Introduction
=====================================

The Operations Central Monitoring setup collects monitoring information from across the instrument, and provides monitoring dashboards as well as an alarm-management system on top. It provides you with the following user services:

* A *Grafana* monitoring & alerting system, exposed on http://localhost:3001 (credentials: admin/admin),
* A *Alerta* alarm-management system implementing the `ISA 18.2 <http://www.tc.faa.gov/its/worldpac/Standards/isa/ISA_18.2[1].pdf>`_ alarm model, exposed on http://localhost:8081 (credentials: admin/alerta).

As well as the following backing services to support the setup:

* A *Prometheus* database that collects monitoring information from across the instrument, exposed on http://localhost:9091,
* A *Node Exporter* scraper that collects monitoring information of the host running this software stack, exposed on http://localhost:9100.

.. hint:: The URLs assume you're running this software on localhost. Replace this with the hostname of the hosting system if you're accessing this software on a server.
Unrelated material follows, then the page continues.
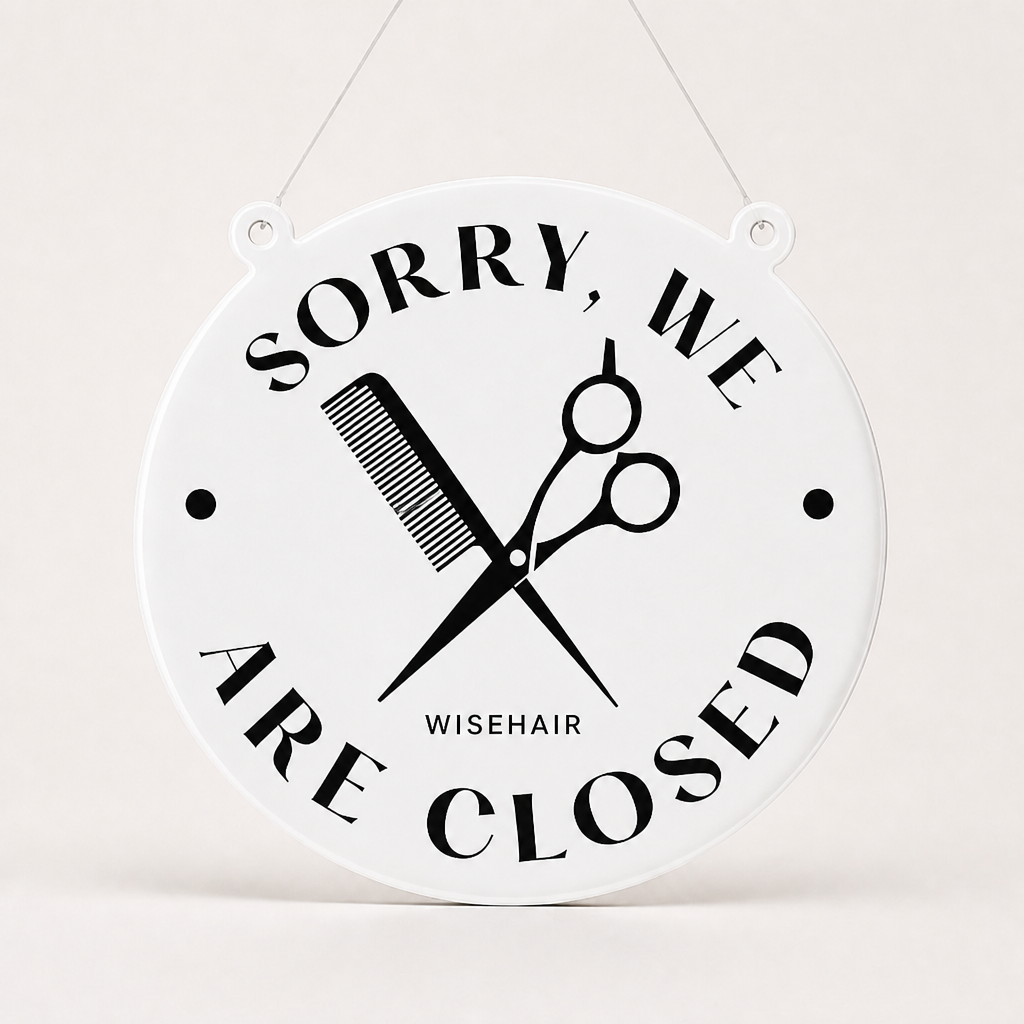 Hair Specialist Custom Acrylic Open Closed Sign WiseTap white glossy SORRY WE ARE CLOSED WiseHair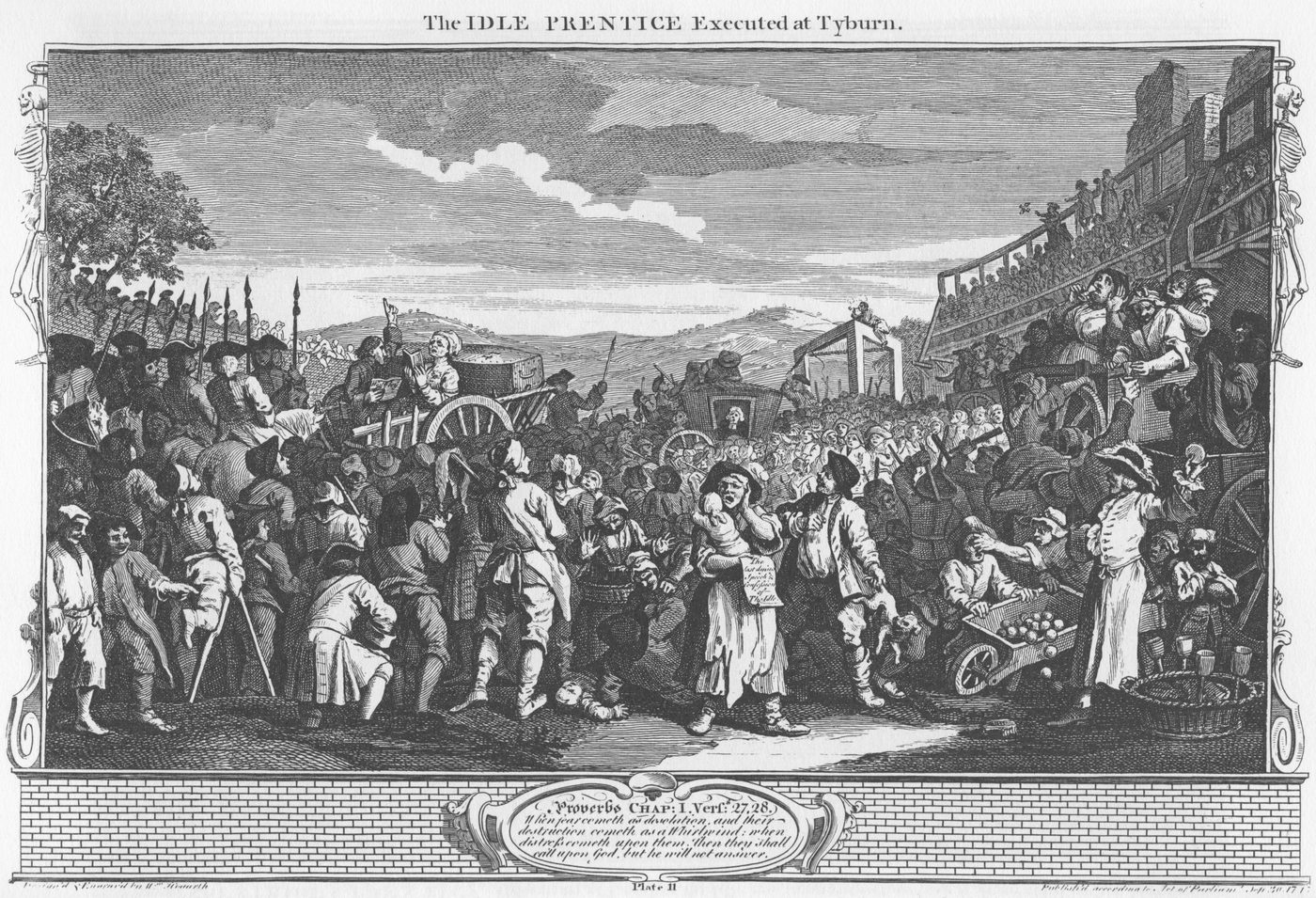 “Industry and Idleness,” Plate 11: an execution at Tyburn — where families once picnicked to watch hangings, including for crimes as small as stealing a few shillings.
The services are connected as follows. The green components are part of this software package, the gray components are external:

.. graphviz::

    digraph monitoring_setup {
        layout=dot;
        nodesep=1.2;

        fontname="Helvetica,Arial,sans-serif"
        node [fontname="Helvetica,Arial,sans-serif" fontsize="20pt" style=filled fixedsize=true]
        edge [fontname="Helvetica,Arial,sans-serif" fontsize="20pt"]
        rankdir=TB;

        node [shape=ellipse height=1 width=2 color=gray];
        slack;

        node [shape=rectangle width=1 color=gray];
        user;

        subgraph cluster_operational_central_management {
            color=black;
            label="Operational Central Management";

            node [shape=ellipse height=1 width=2 color=aquamarine];
            prometheus; grafana; alerta; node_exporter;

            prometheus -> grafana [label="query results"];
            grafana -> alerta [label="alerts"];
            node_exporter -> prometheus [label="metrics"];
            grafana -> prometheus [label="metrics"];
            prometheus -> prometheus [label="metrics"];
        }

        subgraph cluster_station {
            label="LOFAR2.0 Station";
            node [shape=ellipse height=1 width=2 color=gray];
            station_prometheus [label="prometheus"];
            station_grafana [label="grafana"]
            station_node_exporter [label="node_exporter"]
            hardware
            tango_devices;
            exporter;
            jupyter;

            station_node_exporter -> station_prometheus [label="metrics"];
            station_prometheus -> station_grafana [label="query results"];
            station_grafana -> station_prometheus [label="metrics"];
            hardware -> tango_devices [label="M&C"];
            tango_devices -> exporter [label="metrics"];
            exporter -> station_prometheus [label="metrics"];
            station_prometheus -> jupyter [label="metrics"];
            tango_devices -> jupyter [label="M&C"]
        }

        station_prometheus -> prometheus [label="metrics" minlen=1];
        station_grafana -> user [label="dashboards"]
        jupyter -> user [label="M&C"];
        alerta -> slack [label="notifications"];

        grafana -> user [label="dashboards"];
        alerta -> user [label="notifications"];
        slack -> user [label="notifications"];
    }